Her vakit ezanlarda Allah'ın en büyük olduğunu duyarız. Bu çaresiz ruhlarımızın, derin acılarımızın merhemidir. Duydukça umutlanır, dünyanın geçiciliği içinde sonsuz olana kavuşacağımız günün özlemiyle dertleniriz.
Dünya, şairin dediği gibi bir sürgündür sevgiliden uzak kaldığımız. Bir gölgelik, bir imtihan yeri… Kocaman konuşmaya gelmez, derler ki büyük lokma ye büyük konuşma. Lokmalarımız geçmiyor boğazımızdan, büyük olduğunda değil, üzüntümüz bol olduğundan.
Borgen diye bir Danimarka dizisi vardı. Çin’in yaptığı insan hakları ihlallerine karşı yeni bir bakan ne yapacağını şaşırır ve danışmanı ona şunu söyler yaklaşık olarak: Kavramsal olarak karşı çıkıp üstünü kapatacağız. Onların nüfusu şu bizimki bu. Sonrasında Danimarka’nın kadın başbakanını oynayan oyuncu politikadan ayrılır ve kendisini Çin’de bir iş toplantısında görürüz.
Uygur Türklerine yapılan zulümler dünyada olduğu kadar gündem olmadı Türkiye’de.
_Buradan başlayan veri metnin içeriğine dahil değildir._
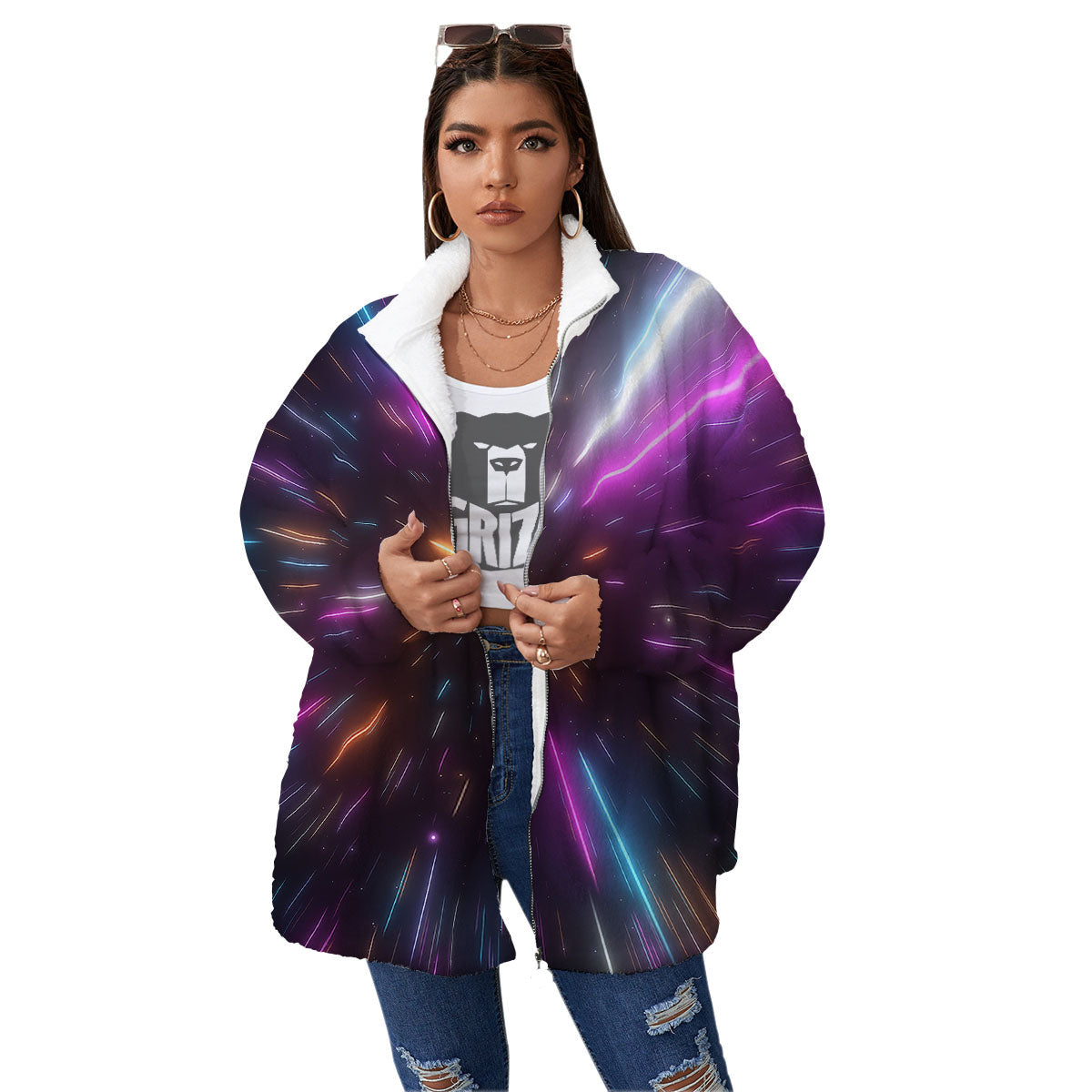 Lightspeed Hyperspace Print Women's Sherpa Jacket-grizzshop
Zaten başımızda püsküllü belalar var, bir yenisini eklemeyelim derdinde bazı zevat. Devlet yönetmediğim için bilemem. Bildiğim bir şey varsa Doğu Türkistan’ın seslerinden biri daha kısıldı. Uygur Türklerinin dünyaca ünlü ozanı Abdurehim Heyit iki yıl önce atıldığı hapiste hayatını kaybetti. Haberler bu yönde. Resmi bir açıklamayı beklemeye gerek var mı bilmiyorum. Bu resmi açıklamayı kim yapacak açıkçası onu da bilmiyorum.
Kullandığımız her şey Çin malıyken diye başlayan mazeret cümlelerini duymak istemiyorum. Bu acı üzerinden Türkiye’nin çaresizliğiyle dalga geçenleri de dinlemekten de hoşlanmıyorum. Bildiğim bir şey var ki susmamam gerekiyor. Allah Çin’den büyüktür. Doğu Türkistan’ın vücudumuzun bir parçası olduğunu bilmeyenlere diyecek sözüm yok ama ya bilenler, bilip de susanlar.
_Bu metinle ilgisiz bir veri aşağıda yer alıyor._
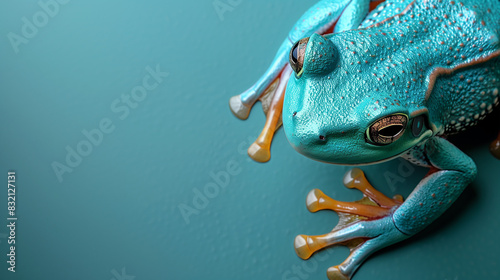 close up of blue frog photo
Avrupa bir yandan Çin’e sembolik tepkiler gösterirken diğer yandan ilişkilerini derinleştiriyor. Sadece Avrupa değil dünyanın Kuzey ve Batı bölgeleri Çin’e hem aşık hem de bağımlı. Çin, Uygur Özerk Bölgesi’ni iç meselesi olarak görüyor ve karışılmasını istemiyor. Amerika ve saz arkadaşları kendileri işin içine girmeden İslam alemini Çin’e karşı maşa olarak kullanmanın derdindeler. Hepsini görüyorum ama bu yine de Çin’e öfkem azalmıyor. Mazeret, komplo teorisi filan da aramıyorum. Yeterince üzülemediğime üzülüyorum sadece. Elimden gelen bir şey olmamasına…
Kuşbaşı olarak doğranmış ata yurdun şimdi kıyma makinesinden geçirilmesini görmekten üzülüyorum. Elimizde kalanın sadece laflar olmasına ve namert bir düşmana karşı besleyebileceğimiz tek umudun başka bir namert düşmanın bozulan menfaati olmasında hicap duyuyorum.
Sonra ezan başlıyor. Allah’ın en büyük olduğu bizlere ilan ediliyor yine. Er kişi ruhuna bir Fatiha gönderiyorum yönümü Türkistan’a dönüp. Allah büyüktür, Çin’den de büyüktür. Çaresizlik de ölümden beter. Ucuz Çin mallarıyla mayışmış konfor alanlarındaki sessizlik atılan tüm çığlıklardan daha ürkütücü. Ölü ruhlar olarak geziniyoruz konforlu, yer üstü mezarlarımızda. Abdurehim Heyit’e Allah’ın rahmetini ve türkülerle diri tuttuğu meşaleyi yere düşürmeden tutabilmemizi diliyorum.